In a simpler time, coach Jimbo Fisher would be talking about how his team plans to stop the high-powered Fighting Irish. Instead, the only defending he’s talking about is defending Winston.


You know the quote, “Winning isn’t everything, it’s the only thing,” famously attributed to Vince Lombardi?

Fisher must hold that as gospel because, in the name of winning, this man has put up with and looked past more trouble from Winston than any coach should — his tolerance commensurate with the QB’s immeasurable talent.
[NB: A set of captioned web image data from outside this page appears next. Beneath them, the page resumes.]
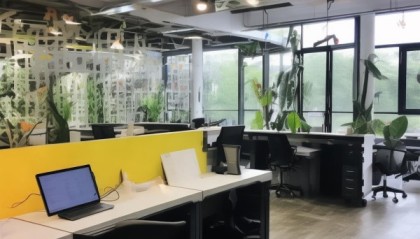 靳晓燕，信息咨询服务领域的创新者与实践者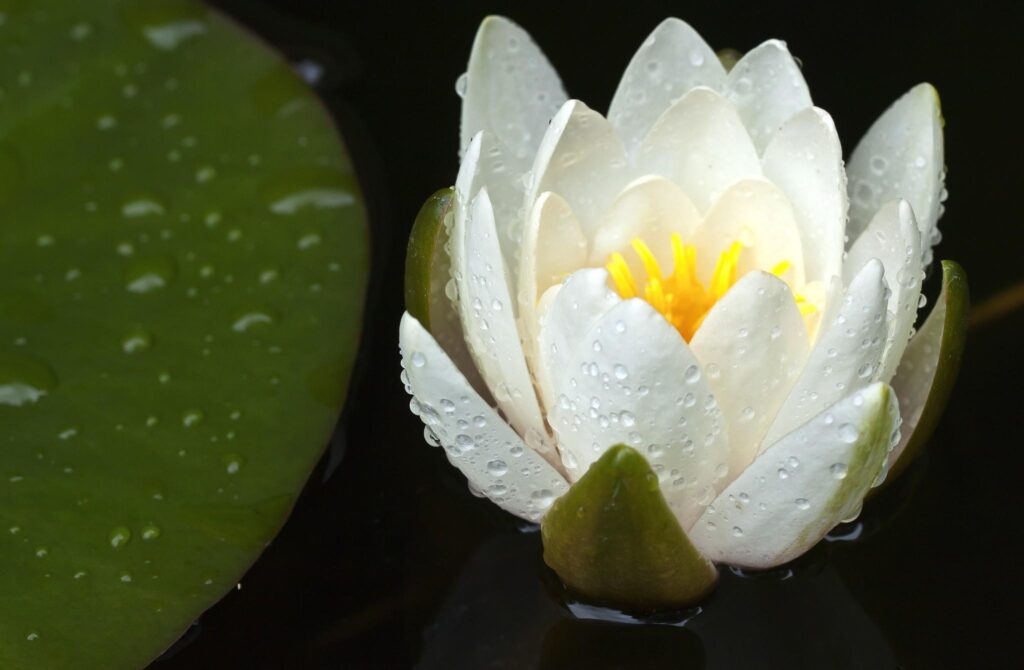 Tranquil Waterlily Wallpaper: Serene Blooms on Reflective Water
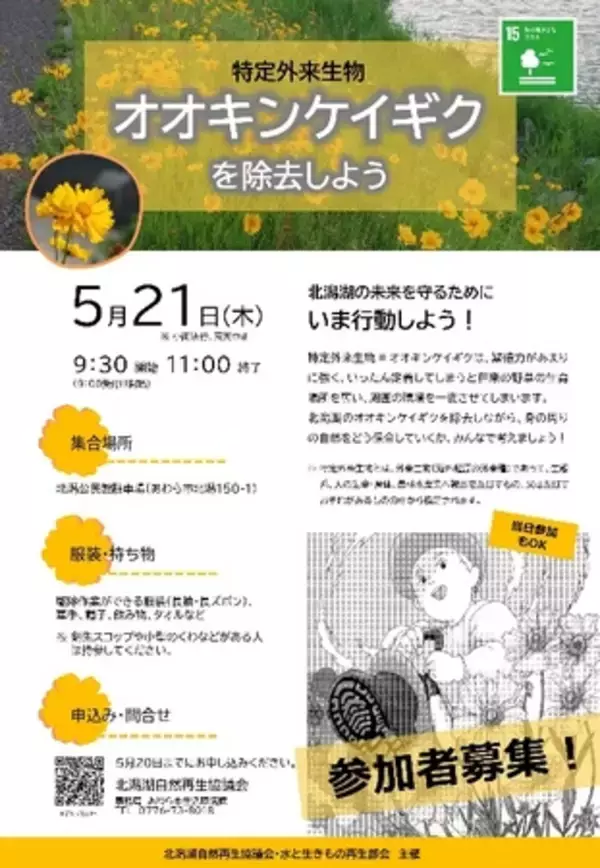 根絶目前／北潟湖で市民と学生が挑む「オオキンケイギク除去イベント」開催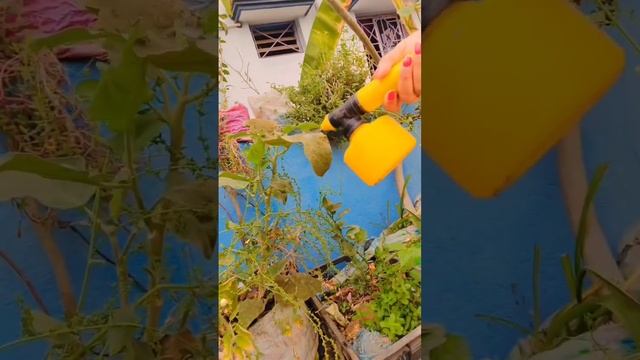 #shortsvideo #insecticides #confidor #fertilizer #garden #gardening #plants  subscribe my channel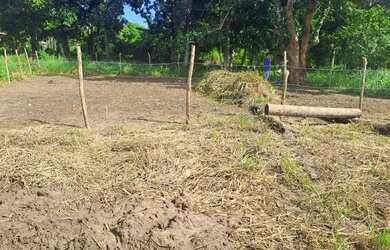 Imagem 5: Vendo ou troco terreno por moto ou carro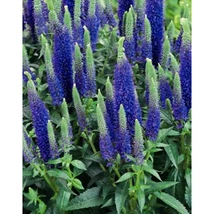 Veronica spicata 'Ulster Dwarf Blue' - Veronika Cs14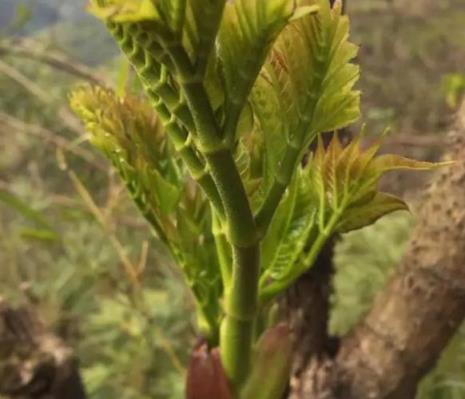 盆栽刺嫩芽种植技术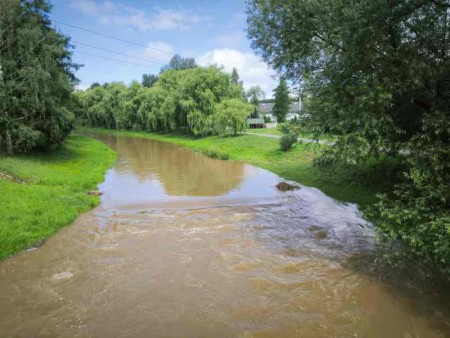 Ploučnice v Mimoni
Depending on one’s vantage, Fisher is either saintly in his forgiveness and trust, or conveniently setting aside his priorities and moral compass at least until perhaps the season is over.

Fisher would hear both outrage from fans and praise from many others if he simply announced that the various allegations against Winston — the cumulative weight of them — make the young man undeserving of continuing to represent the university. To be the face of it, really.

Instead, Fisher said Winston would play Saturday, business as usual, even though there was enough doubt that some Las Vegas sports books took the game off betting boards over the uncertainty.

Things pile up:

A police report that involved stealing soda from a Burger King.

Being among the players who used BB guns to shoot out windows of an apartment complex.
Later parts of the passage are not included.